Atzberger: The advantage of the front and back is from the perspective of our customers’ customers. If you think about when you yourself engage as a customer, you care about fulfilment and paying how you want to pay. For companies to deliver these outcomes, they need the flexibility and they need the integration into their supply chains.

A good example would be a shoe company, where the customer wants to customise a pair of sneakers – and doesn't want to wait too long for them to be delivered. So it’s not just about going back into information about the product, but into the very product itself.

Or take a white goods manufacturer that we are working with, which previously only connected with the customer through the loyalty process. But now there is an internet of things play, with sensors on the goods.

Wave one [in customer experience] is setting up a website to sell goods, creating a good experience online, and understanding omni-channel. But now it has to go much deeper into the organisation in all its complexity, in order to make external outcomes happen. How can every person in your company become more customer-focused?

Every company I talk to want things to be simpler and more effective, more focused on customer outcomes. How do you do that? End-to-end integrated processes have to be the way.

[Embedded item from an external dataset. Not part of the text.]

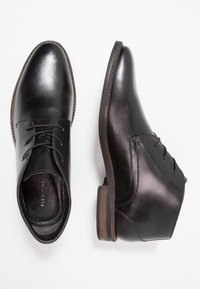 Pier One Derbies & Richelieus - black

From your keynote at this conference, I took it that you see a relentless customer focus as the ground on which businesses can get beyond a divide, a binary opposition, between “digital natives” and older incumbent companies?

Atzberger: There are some companies that are much more asset-focused, but for the 80% that are customer-focused, there is no new competitive ground, other than the customer. You see a convergence between digital native companies and incumbents. For incumbents to succeed requires using technology to transform the customer experience. Their supply chains should be real assets.

And then there are companies that only have data, that do not have a supply chain in the same way. And for the incumbents, the GDPR [General Data Protection Regulation] appears as a blessing in disguise, buying them time to create a level playing field and catch up with the digital natives.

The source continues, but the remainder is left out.